India has exploded into protests against a citizenship law that explicitly discriminates against its 200 million-strong Muslim population. Narendra Modi’s Hindu nationalist government has responded with police firing on demonstrators and assaults on university campuses.
The global wildfire of street protests, from Sudan to Chile, Lebanon to Hong Kong, has finally reached the country whose 1.3 billion population is mostly below the age of 25. The social, political, and economic implications couldn’t be more serious.
It was only last month that students on the campus of Hong Kong Polytechnic University were throwing petrol bombs at the police, and fielding, in turn, teargas, rubber bullets and water cannons.
This violent resistance to an authoritarian state is novel to Hong Kong. The Umbrella Movement that in 2014 first expressed a mass sentiment for greater autonomy from Beijing was strikingly peaceful. The campaigners for democracy in Hong Kong today have also traveled very far away from the Chinese students who occupied Tiananmen Square in 1989, and to whom they have been wrongly compared.
Those students back in 1989 were deeply respectful of their state: Photographs of student petitioners kneeling on the steps of the Great Hall of the People are no less eloquent than the iconic picture of a protester facing a tank.
That acknowledgement of the state’s authority as ultimate arbiter is now rapidly disappearing, in not only Hong Kong, but also India and many other countries. It is being replaced by the conviction that the state has lost its legitimacy through cruel and malign actions.
Today’s protesters, who are overwhelmingly young, are usefully compared to the French student demonstrators in Paris in 1968. The latter occupied places of work and study, streets and squares. They also met police crackdowns with makeshift barricades and Molotov cocktails.
Like today’s protesters, the French students erupted into violence amid a global escalation of street-fighting; they claimed to reject an older generation’s values and outlook.
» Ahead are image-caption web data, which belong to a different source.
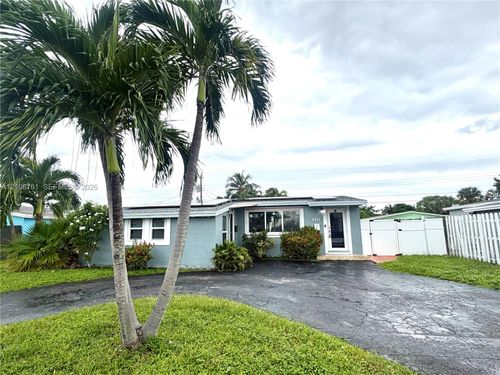 5651 Ne 9th Ave, Oakland Park, FL, 33334-4128 | Card Image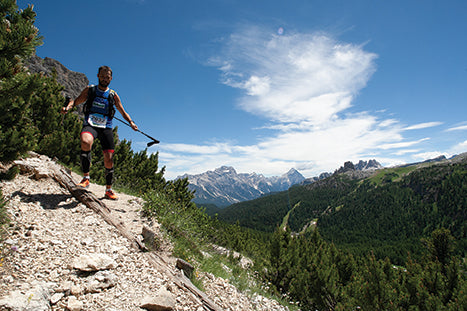 Loose, rocky ground on the Lavareto Ultra Trail, Italy. © Pete Aylward, RunPhoto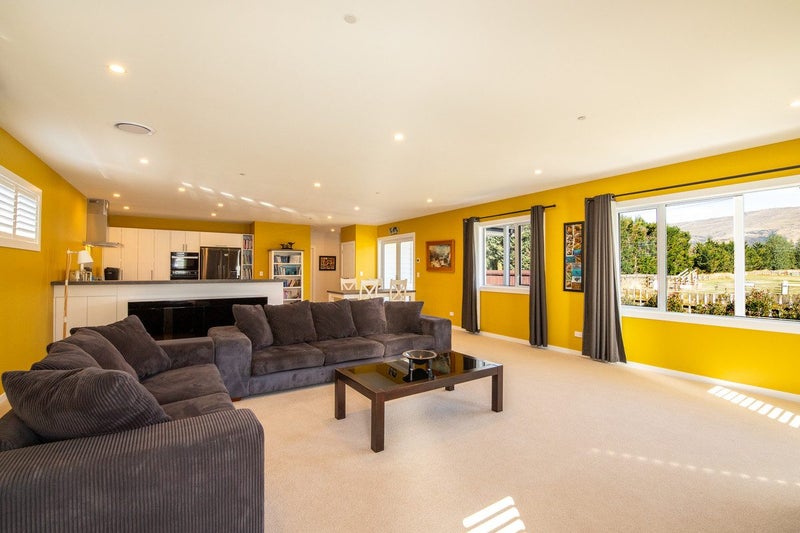 A Heritage Gem with a Modern Twist64163466699651112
And they, too, couldn't be simply classified as left-wing, right-wing or centrists.
Indeed, the French radicals confused many people at the time because they loathed the French communist party almost as much as they did the parties of the right. The French communists, in turn, dismissed the protesting students as “anarchist.”
This commonplace pejorative confuses anarchism with disorganization. It should be remembered that anarchist politics is one of the modern world’s oldest, if little remembered, political and intellectual traditions. Today, it best describes the radical new turn to protests worldwide.
Anarchist politics began to emerge from the mid-19th century onward, originally in societies where ruthless autocrats were in power — France, Russia, Italy, Spain, even China — and where hopes of change through the ballot box seemed wholly unrealistic.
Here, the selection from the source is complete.